On June 1, 1921, a white mob–enraged by a Tulsa newspaper report that a young Black teenager had attacked a white woman on an elevator–ruthlessly destroyed a thriving Black business community, killing up to 300 people, injuring thousands and unmercifully demolished homes and churches. In truth, the teen had stumbled while entering the elevator to go to a restroom for Blacks, because the restroom where he worked was forbidden for Black people to use. After the inflammatory Tulsa Tribune report that polce had arrested Dick Rowland for sexually assaulting the elevator operator, the armed mob gathered with the intention of lynching the Black teenager.
This horrific, widespread racial violence came to a peak more than 60 tumultuous years after the legal end of centuries-long slavery. It was a whithateful, resentful white response to Black aspirations and the unprecedented migration of millions of Black people away from the crushing racism and hopeless grinding poverty of the South.
In response to the current, more frank cycle of discussion about race relations, injustice and inequity, there has been a nationwide push back against the idea that some of these conversations are taking place in many of our nation’s classrooms. Of course the Texas Legislature and others across the country say they want to talk about history but insist it must be taught in a way that preserves the system and emphasizes “the founding principles that have made Americans so special”. In other words, it must be white washed history if it is to proceed.
With the historic Biden presidential visit to commemorate the centennial Tulsa Race Massacre, more of the country is finally learning more about this country’s long history of inhumane racist actions, particularly from the 1870s to the 1920s. The list is long, and there is an excellent book on the subject, The War of the Races: How a Hateful Ideology Echoes Through American History.
In fact, it was the Washington Post along with the police that helped stir up anger over an alleged “Negro fiend” attacking white women, according to Gillian Brockell, a staff writer for the Washington Post history blog, Retropolis. She has been at the Post since 2013, and wrote that things boiled over in Washington DC on July 19, 1919 with white police hunting Black men. The violence lasted for nearly a week before it was extinguished by a long summer rain. This was one of the few race riots in which more white people may have been killed by Blacks defending themselves (many were soldiers returning home from World War l) than Blacks murdered by white mobs.
This effort to ban critical race theory discussions has been embraced by conservatives who are concerned about how America has turned more attention to racial injustice and inequities in the past year.
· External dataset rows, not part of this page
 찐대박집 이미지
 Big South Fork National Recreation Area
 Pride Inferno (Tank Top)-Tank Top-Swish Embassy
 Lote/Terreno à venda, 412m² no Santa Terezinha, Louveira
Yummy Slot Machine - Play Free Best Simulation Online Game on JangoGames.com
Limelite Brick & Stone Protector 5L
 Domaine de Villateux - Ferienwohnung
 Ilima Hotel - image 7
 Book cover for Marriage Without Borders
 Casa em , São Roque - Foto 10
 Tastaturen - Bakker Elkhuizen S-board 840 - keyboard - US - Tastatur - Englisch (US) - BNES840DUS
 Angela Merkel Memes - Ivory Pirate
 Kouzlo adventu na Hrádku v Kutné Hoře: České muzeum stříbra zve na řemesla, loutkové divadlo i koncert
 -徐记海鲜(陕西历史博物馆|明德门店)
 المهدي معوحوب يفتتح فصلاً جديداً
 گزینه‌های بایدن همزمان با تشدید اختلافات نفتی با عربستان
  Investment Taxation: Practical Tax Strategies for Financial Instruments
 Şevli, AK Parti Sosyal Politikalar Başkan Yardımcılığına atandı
Of course, our ignoramus, White Nationalist past-President Donald J. Trump was ahead of the herd in 2020, when he directed the federal government to stop diversity and inclusion training that supported more honest discussions, calling them “propaganda.”
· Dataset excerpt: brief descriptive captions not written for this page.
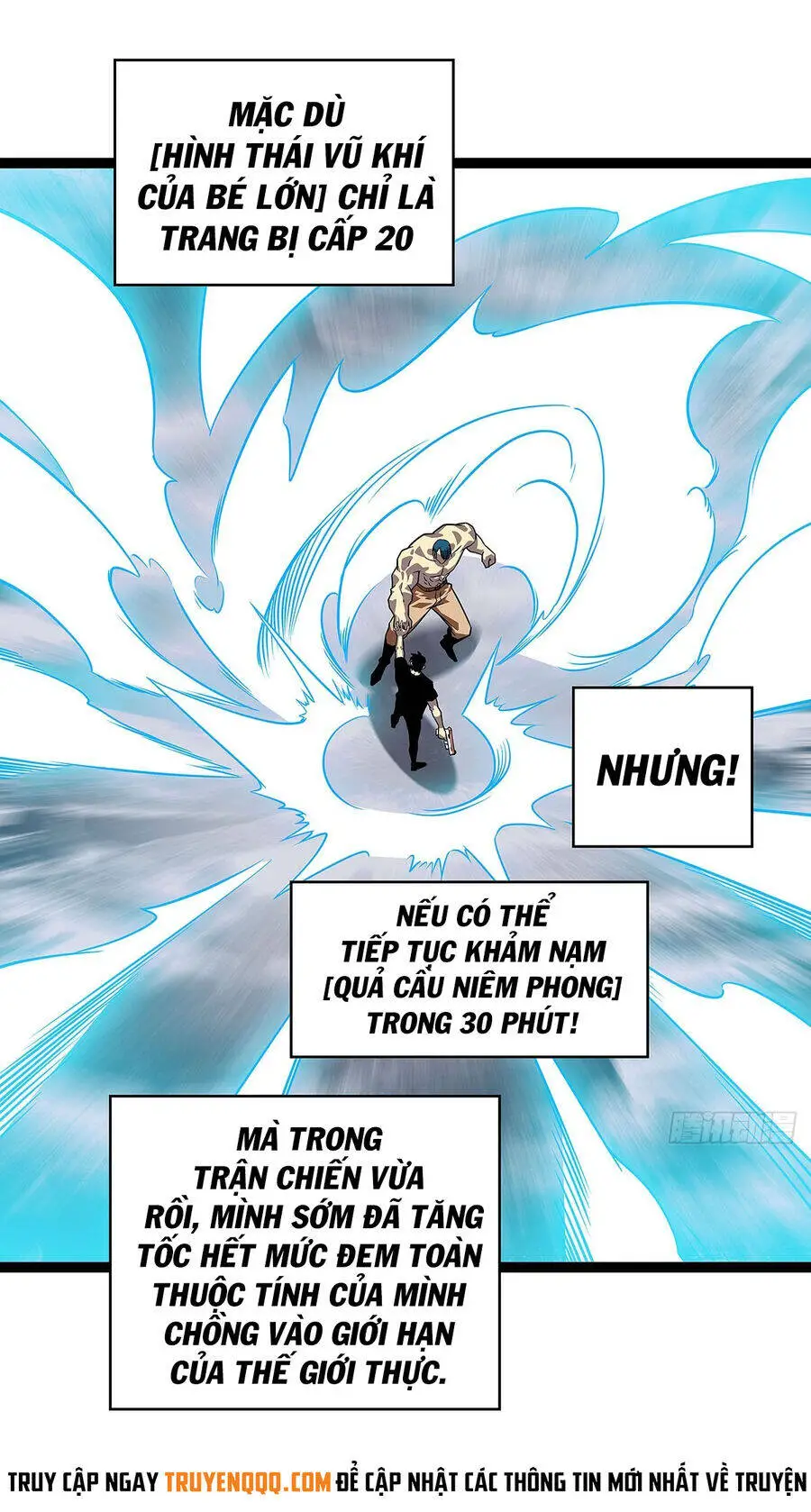 Bắt Đầu Vùng Dậy Từ Việc Chơi Game Nghiêm Túc Nettruyen ZZZ Chương 114 Page 37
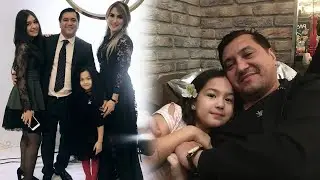 Ravshan Sobirov Oilaviy Va Shaxsiy Fotolari 2021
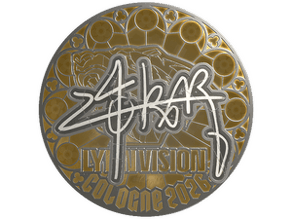 z4KR (Foil) image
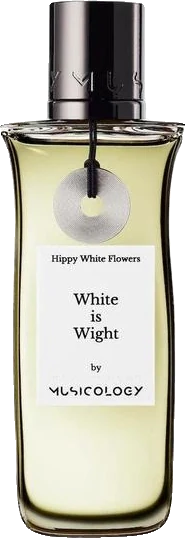 Musicology White Is Wight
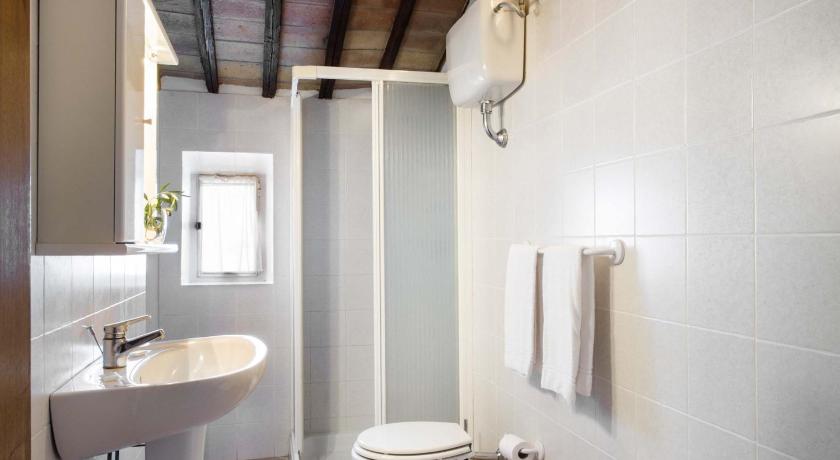 B&B San Gimignano Diffuso photo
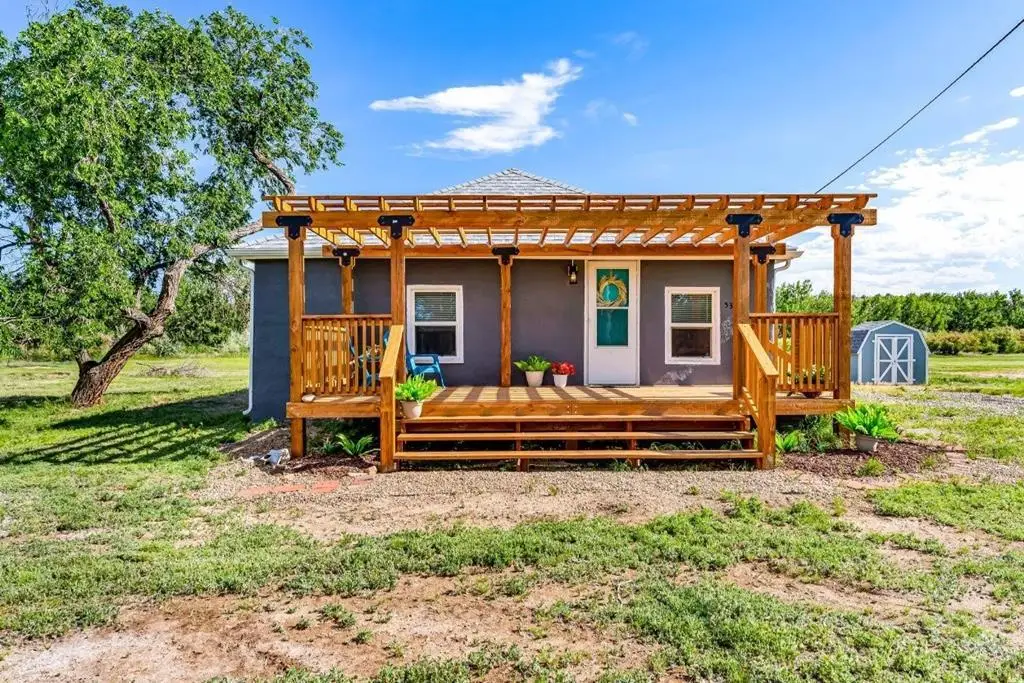 531 Cr 119, Florence, CO 81226 - #1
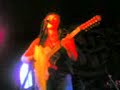 Sandi Thom - The Shape I\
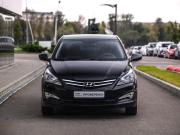 Hyundai Solaris I Рестайлинг Санкт-Петербург  - изображение 27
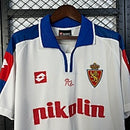 Camisa Retrô Zaragoza 04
This attack on truth telling about America’s history is very much like the unmitigated attack on access to voting that is both brazen, undemocratic and uncompromising. History professor Trinidad Gonzalez rightly says, “The present and past are interconnected. That is history.”
If this country retreats from a true reckoning on race, that would be shortsighted and ultimately a possible existential threat to the country in a rapidly-changing global world. The country’s adversaries and economic competitors could not be more pleased than to see this de facto multi racial nation tear itself apart because it thinks it can turn the clock back to our past status quo.